An Interview with Jean Lee by Marijke Vander Klok

Imagine: It’s 1963. Together with twenty four other women, all passionate members of the Canadian Voice of Women for Peace, you embark on the trip of a lifetime. You’ve never been in an airplane before, and you take off from Toronto Pearson International (a shack in a field compared to how it looks today!) to fly across the Atlantic and taste Europe for the very first time.

In London, England, you are invited to the homes of well-to-do individuals who identify themselves as communists. You share a meal with them, discussing peace and gender equality. Back in North America, in the throes of the Cold War, it is practically a criminal offence to be affiliated with the Communist Party, but in London, it’s nothing to be a communist.

In the Netherlands, you join the meeting of a Dutch women’s group.
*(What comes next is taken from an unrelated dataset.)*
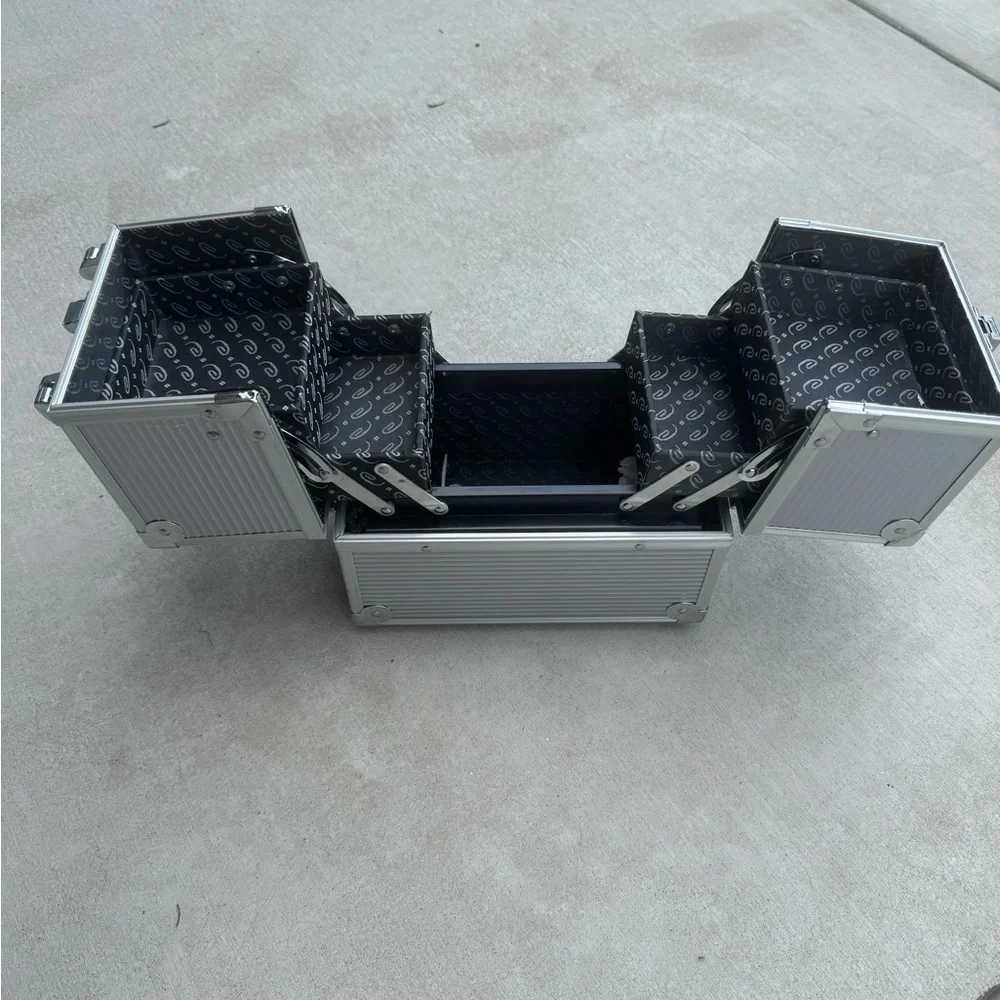 Silver Metal makeup Storage Box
Here, women take the initiative to get together to talk, gossip, and share their experiences of the war – World War II being an all too current influence in their present day lives. Recalling the liberation of Holland by the Allied forces, the first thing families did at the sight of the foreign soldiers was to lock up their daughters! Even though the Canadian and American armies were coming into their country to expel the German occupation, they were treated with initial mistrust and fear; common sense, in short, in this war-torn continent. One woman stands up to share her story, how after engaging in a romance with a Canadian soldier during that time, she was ostracized by her family and community. It’s nearly twenty years later, yet now women from both countries sit in a room together, swapping yarns.
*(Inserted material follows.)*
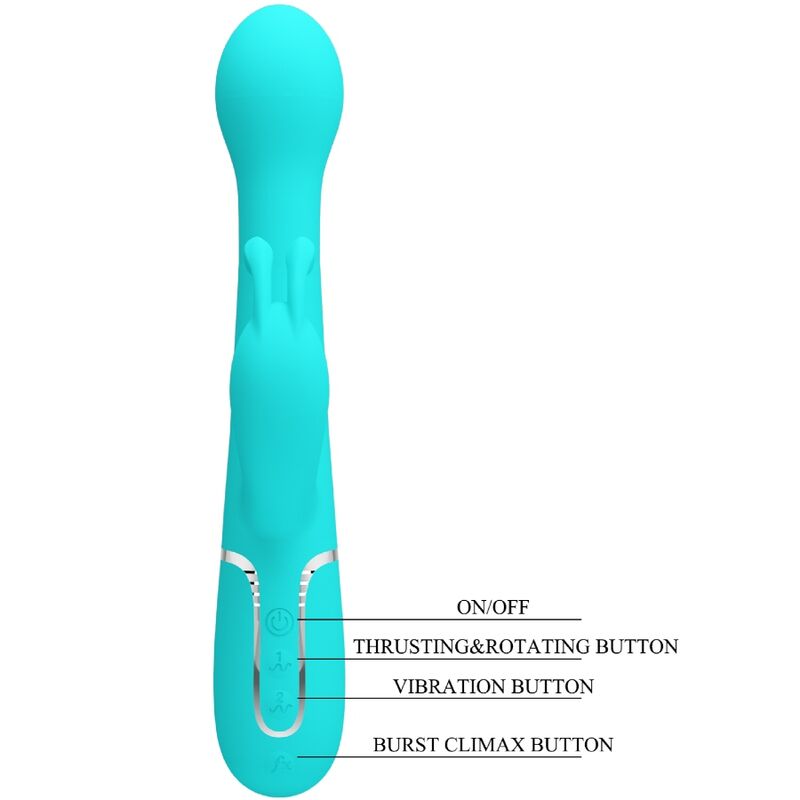 PRETTY LOVE - DEJON RABBIT VIBRATOR 3 IN 1 MULTIFUNCTION AQUA GREEN PRETTY LOVE FLIRTATION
You reach Sweden on the summer solstice, to discover the streets of Stockholm all but empty while everyone is away on holiday. In Norway, you visit the place where the Nobel Peace Prize is awarded; holy ground for your group of women impassioned by the idea of achieving world peace. In Warsaw, Poland, you join a potluck in the heart of a city totally rebuilt in the image of its former glory, the Warsaw before the war. You arrive in Paris on Bastille Day, the squares congested with military parades as if in an entirely ironic welcome for this delegation from a peace organization.

It is a whirlwind of new experiences, a wealth of explorations and acquaintances. It is a time of women coming together, sharing their stories, and asserting their voice.

 

These memories were shared with me over a cup of tea by Jean Lee, member of VOW since its conception in 1960. She had recently graduated from the University of Toronto in 1958, where she had studied psychology and social work. As a student, Jean was engaged in the peace movement through her church and school involvement. With the threat of nuclear warfare steadily on the rise throughout the 1950s, Jean joined many others in retaliation against the international climate of hostility and aggression. In a reaction to the building of bomb shelters and school bomb drills, people organized peace rallies and community meetings. Jean remembers walking annually in a peace march every Easter Sunday through Sunnyside Park. She also formed a women’s peace group that met at Jean’s home.

It was through her involvement in VOW that led Jean to this tour across Europe. With a group of twenty four fellow Canadian ladies lead by Helen Tucker, the president of VOW at the time, Jean toured around Europe for one month, travelling by train and plane, visiting various women’s organizations in ten different countries. This voyage led up to the VOW members’ participation in the 5th World Congress of Women in Moscow, on July 24-29, 1963.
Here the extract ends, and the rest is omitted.